Stark shift of excitons and trions in two-dimensional materials

TL;DR

This paper theoretically investigates how in-plane electric fields affect excitons and trions in 2D materials, revealing their strong binding and robustness, especially in phosphorene, with implications for hyperpolarizability measurements.

Contribution

It introduces a theoretical analysis of Stark shifts in 2D excitons and trions, highlighting their robustness and the potential to measure hyperpolarizability in these materials.

Findings

Trions in phosphorene are highly robust under electric fields.

Excitons exhibit parabolic Stark shifts allowing polarizability calculation.

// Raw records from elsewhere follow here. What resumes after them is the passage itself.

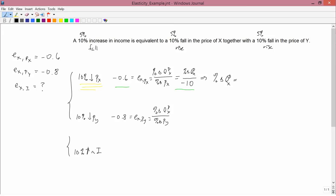Multiply both sides of that equation by minus 10. The right-hand side becomes just the percent change in the quantity demanded of x. The left-hand side is negative 0.6 times negative 10, which is plus 6. So if you have a 10% fall in the price of x, that causes a 6% increase in the quantity demanded of x.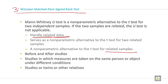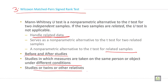This is very important. When you are comparing before and after studies, you can use the Wilcoxon matched pair sign rank test. It is also used in studies in which measures are taken on the same person or object under different conditions, and in studies involving twins or other relatives.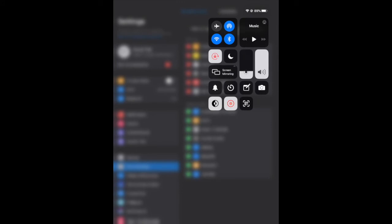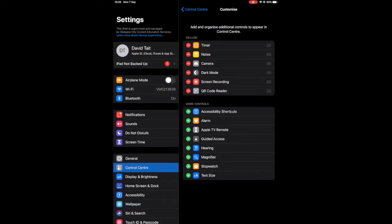To access your control center, if you pull down from the top right, this control panel should show and this is where you can access your quick apps.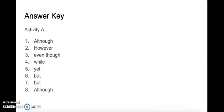Okay, this is the answer key for activity A. Please pause the video and check your answers.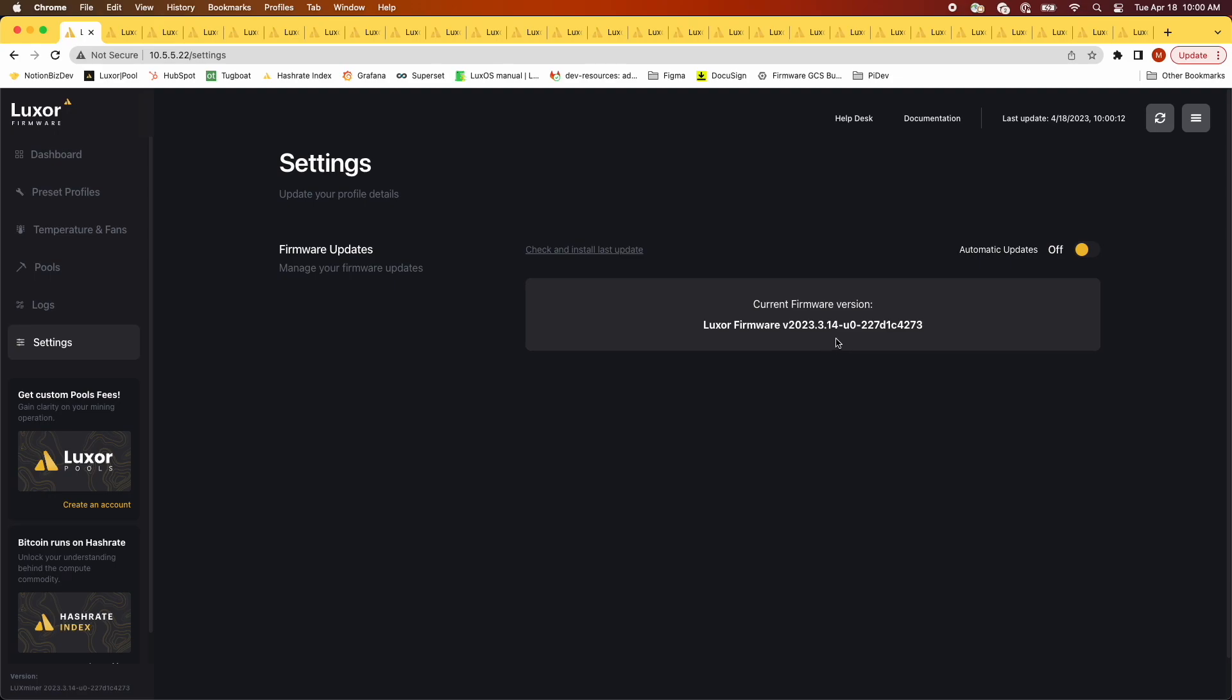This will help you verify the update went through properly when it's all done. Also make sure you check out the changelog at luxor.tech/changelog/firmware to stay up to date with the changes we're implementing.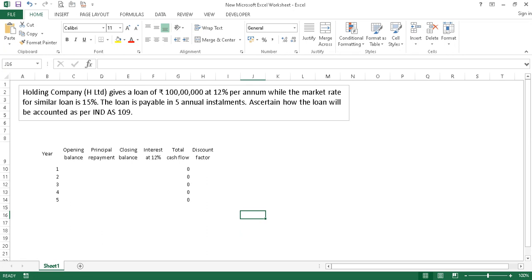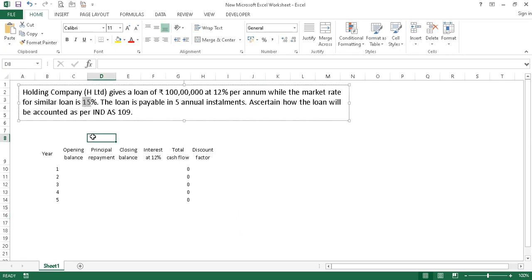Let's get into a situation with a hypothetical holding company that gives its subsidiary a loan of 100 lakhs at 12% per annum. The loan is repayable in five annual installments. Under Ind AS, we also need to consider the market rate, which we will say is 15%. Let's see how we treat this transaction under existing IGAP and also under Ind AS. Under IGAP, we only need to worry about the transacted rate of interest and the transacted cash flow.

Trions show a fourth order Stark shift indicating hyperpolarizability.

Abstract

The effect of an external in-plane electric field on neutral and charged exciton states in two-dimensional (2D) materials is theoretically investigated. These states are argued to be strongly bound, so that electron-hole dissociation is not observed up to high electric field intensities. Trions in the anisotropic case of monolayer phosphorene are demonstrated to especially robust under electric fields, so that fields as high as 100 kV/cm yield no significant effect on the trion binding energy or probability density distribution. Polarizabilities of excitons are obtained from the parabolicity of numerically calculated Stark shifts. For trions, a fourth order Stark shift is observed, which enables the experimental verification of hyperpolarizability in 2D materials, as observed in the highly excited states of the Rydberg series of atoms and ions.